These changes could challenge content creators, influencers, and advertisers. The impact on content engagement, strategies, and user satisfaction may evolve over time as users exercise more control over their content experiences. The introduction of non-personalized content feeds signifies the beginning of a shift in platform dynamics, celebrating user empowerment and challenging the information asymmetry that has favored platforms for too long.

Scenario 1: Transformation of Social Media Landscape and User Engagement

With the implementation of the Digital Services Act (DSA) provisions enabling users to opt out of algorithm-driven personalized content, the social media industry could witness a substantial transformation in the future. As users gain more control over their content experiences, platforms might be prompted to recalibrate their algorithms to prioritize quality and meaningful content over attention-hacking techniques.


Social Media Algorithm Evolution: The requirement to provide non-personalized content feeds in compliance with the DSA could lead platforms to reevaluate their algorithms. They might shift their focus from maximizing user engagement through attention-hacking tactics to enhancing user satisfaction through more relevant and authentic content.

User-Centric Experience: The power shift towards users will encourage platforms to create more user-centric experiences. Users, being able to choose content devoid of manipulation, might engage more genuinely with the content they find valuable, leading to a more authentic and enjoyable social media experience.

Content Quality Improvement: Platforms might invest in refining their content recommendation algorithms to ensure that non-personalized content remains engaging and relevant. This shift could encourage platforms to highlight content that genuinely adds value, fostering more constructive interactions and reducing the spread of sensational or misleading information.


As platforms adapt to the changing landscape, the social media industry could evolve from being centered around maximizing user attention to providing content that resonates with users’ genuine interests and preferences. This transition might lead to a healthier social media environment with more meaningful interactions and less focus on sensationalism.

Scenario 2: Impact on Business Models and Advertisers

The Digital Services Act’s emphasis on user agency and the option to switch off personalized content could have far-reaching implications for how platforms generate revenue through advertising. This could prompt a reevaluation of business models and strategies by both social media platforms and advertisers.


Shift in Advertising Approaches: Advertisers may need to adapt their strategies as users opt for non-personalized content.
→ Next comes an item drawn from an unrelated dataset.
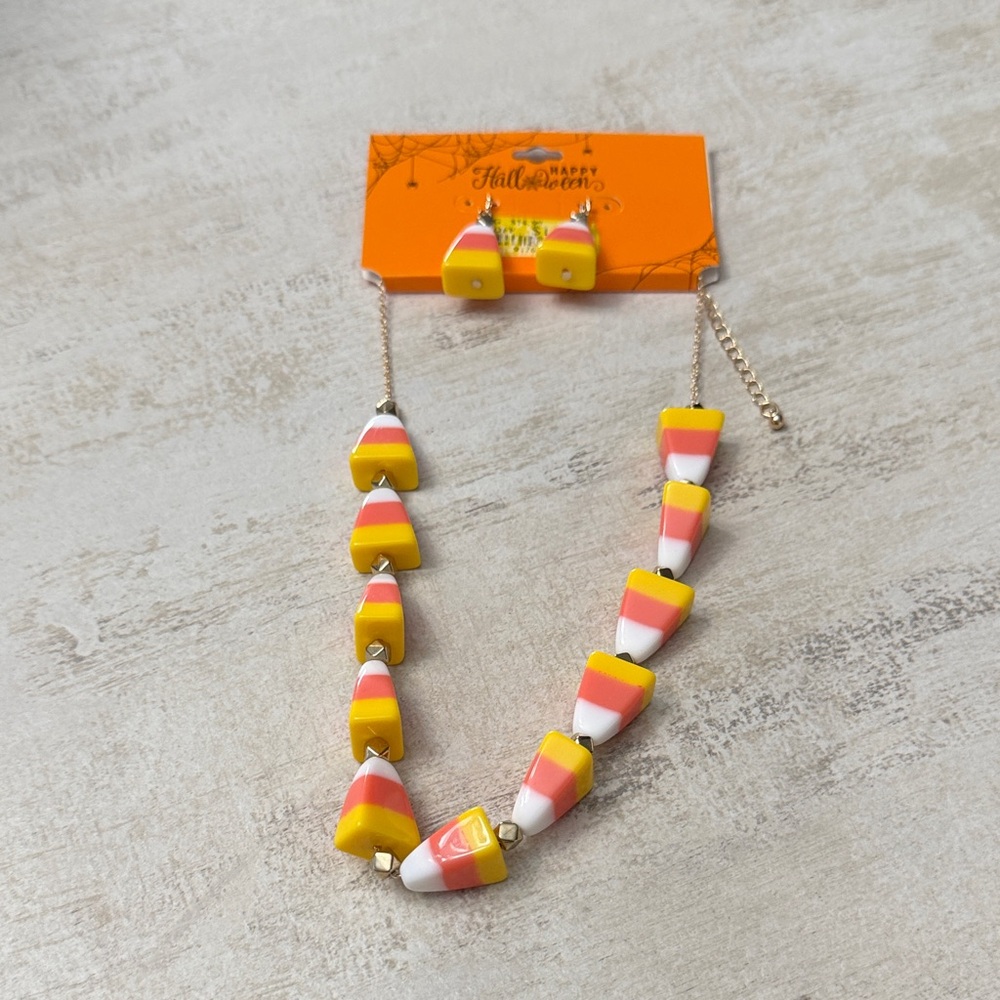 Colorful Candy Corn Necklace and Earring Set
The challenge lies in engaging users effectively without relying on attention-hacking methods that were previously driven by algorithms. This shift could lead to more creative and authentic advertising approaches.
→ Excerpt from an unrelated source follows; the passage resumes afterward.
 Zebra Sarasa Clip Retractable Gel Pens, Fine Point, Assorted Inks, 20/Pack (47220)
Diversification of Revenue Streams: Platforms heavily reliant on ad-based revenue models might explore diversification to reduce their dependence on personalized ad targeting. They might introduce premium subscription models or innovative ways to monetize user engagement that align with non-personalized content choices.

Innovative Advertising Formats: Advertisers could invest in crafting more compelling and relevant ads that align with users’ genuine interests. This might drive the creation of more meaningful and engaging advertising content, fostering a healthier advertising ecosystem.


The requirement for non-personalized content options could encourage a shift in how social media platforms and advertisers approach user engagement and revenue generation. Platforms may explore new revenue streams and advertisers could invest in more authentic and creative advertising formats, ultimately leading to a more respectful and value-driven relationship between users and advertisers.

Positive points of this new development include:

1. User agency: Users now have more control over the content they see, allowing them to curate their online experience according to their preferences.

2. Privacy protection: By opting out of personalized content recommendations, users can limit the amount of data being collected and used to target them with ads or manipulate their attention.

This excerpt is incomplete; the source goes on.